Tuesday, March 21, 2006

The Allegedly Ever-Tightening College Admissions Rat Race, Part MCMDLXVII

The New York Times has an article today with a pile of anecdotes and a small amount of data suggesting that many high school students are now applying to as many 20 elite colleges, in some cases just for fun. Predictably, it's already up on their list of most emailed articles. Why? Because this is a bread-and-butter education piece that neatly feeds the status anxieties of upper middle class parents (that is, Times readers) convinced that getting their daughters and sons into a good college is getting tougher by the day.

But the fact of the matter is that the admissions rat race covered so extensively here and elsewhere in the media is largely irrelevant to the experiences of the vast majority of college students. Consider: Of this year's class of college-bound high school seniors, only one out nine will enroll at a college or university with an acceptance rate of less than 50 percent. Of the remaining eight, three will enroll at an open admissions institution. Two more will go to a school with an acceptance rate of 80 percent or higher. Joe College goes to Local State University, not Stanford or MIT.

Moreover, the statistics used to back up this trend analysis are pretty shaky. Consider this graf:


"An annual survey of college freshmen indicates that students bound for all kinds of institutions are filing more applications these days.
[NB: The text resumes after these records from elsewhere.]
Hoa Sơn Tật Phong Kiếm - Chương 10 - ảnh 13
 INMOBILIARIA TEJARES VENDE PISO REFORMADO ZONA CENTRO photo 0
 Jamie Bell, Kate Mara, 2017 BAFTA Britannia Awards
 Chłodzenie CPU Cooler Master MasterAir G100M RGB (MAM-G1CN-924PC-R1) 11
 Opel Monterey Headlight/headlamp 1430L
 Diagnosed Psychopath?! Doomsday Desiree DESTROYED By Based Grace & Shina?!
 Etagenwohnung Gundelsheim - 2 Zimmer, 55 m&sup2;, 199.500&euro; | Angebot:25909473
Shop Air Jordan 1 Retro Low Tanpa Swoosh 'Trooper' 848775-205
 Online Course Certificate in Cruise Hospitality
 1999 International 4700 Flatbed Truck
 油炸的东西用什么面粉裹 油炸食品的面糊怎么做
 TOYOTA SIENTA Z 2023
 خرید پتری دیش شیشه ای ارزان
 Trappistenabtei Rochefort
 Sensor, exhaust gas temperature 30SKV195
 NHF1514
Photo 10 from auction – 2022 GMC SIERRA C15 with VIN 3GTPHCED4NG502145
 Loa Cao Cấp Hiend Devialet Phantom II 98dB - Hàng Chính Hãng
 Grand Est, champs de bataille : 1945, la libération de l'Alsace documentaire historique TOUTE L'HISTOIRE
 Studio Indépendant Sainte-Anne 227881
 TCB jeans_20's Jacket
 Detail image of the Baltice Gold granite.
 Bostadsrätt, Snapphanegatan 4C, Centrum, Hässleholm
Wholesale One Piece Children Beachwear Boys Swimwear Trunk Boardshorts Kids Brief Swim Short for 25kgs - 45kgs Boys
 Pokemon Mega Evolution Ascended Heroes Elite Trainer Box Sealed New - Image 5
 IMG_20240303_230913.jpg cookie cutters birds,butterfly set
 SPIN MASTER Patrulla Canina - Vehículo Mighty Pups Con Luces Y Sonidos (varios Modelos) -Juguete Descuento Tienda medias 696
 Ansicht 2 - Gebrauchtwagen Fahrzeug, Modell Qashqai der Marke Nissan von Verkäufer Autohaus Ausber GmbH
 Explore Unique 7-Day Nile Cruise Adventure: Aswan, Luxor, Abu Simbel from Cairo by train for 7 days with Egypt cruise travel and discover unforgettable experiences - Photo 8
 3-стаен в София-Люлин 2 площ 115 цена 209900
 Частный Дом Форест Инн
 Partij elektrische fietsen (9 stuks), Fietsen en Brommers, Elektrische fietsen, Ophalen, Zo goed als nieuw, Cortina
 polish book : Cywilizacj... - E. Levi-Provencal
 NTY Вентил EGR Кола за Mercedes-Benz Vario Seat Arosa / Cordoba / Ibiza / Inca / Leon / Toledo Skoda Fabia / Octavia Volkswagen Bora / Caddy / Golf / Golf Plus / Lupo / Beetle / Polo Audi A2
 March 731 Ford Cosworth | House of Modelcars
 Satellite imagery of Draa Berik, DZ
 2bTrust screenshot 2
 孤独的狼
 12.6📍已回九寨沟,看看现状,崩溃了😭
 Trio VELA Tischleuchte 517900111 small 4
In 1967, only 1.8 percent of freshman surveyed had applied to seven or more colleges, while in 2005, 17.4 percent had done so, according to the Cooperative Institutional Research Program at U.C.L.A., which conducts the survey. The survey began asking recently
if the students had applied to 12 or more colleges; that proportion increased by 50 percent from 2001 to 2005"

If this is such an up-and-coming trend, why go all the way back to 1967 to examine it? Wouldn't it make a lot more sense to tell the reader how the percent of freshmen applying to seven or more colleges changed from 2001 to 2005, since CIRP has that data too?

The graf also conspicuously omits the single most important piece of data in the entire piece--the actual percent of students who filed 12 or more applications. Instead, it just says "that proportion increased by 50 percent"? What proportion? Did it go from 10 to 15 percent? 4 to 6? 2 to 3? 0.1 to 0.15? I wasn't able to find it after a quick look through the CIRP Web site. Worldwide recognition to the first Quick+ED reader who tracks down the answer.

UPDATE: Ace Education Sector researcher Ethan Gray wins the prize by looking up the CIRP phone number and asking. The answer: the percent of freshmen who applied to 12 or more institutions increased from 1.4 percent in 2001 to 2.1 percent in 2005.

In other words, five years ago a tiny fraction of high school students applied to a large number of colleges. Four years later, a slightly larger but still tiny fraction of students applied to a large number of colleges. Hopefully, future articles on the other 98 percent of the student body are forthcoming.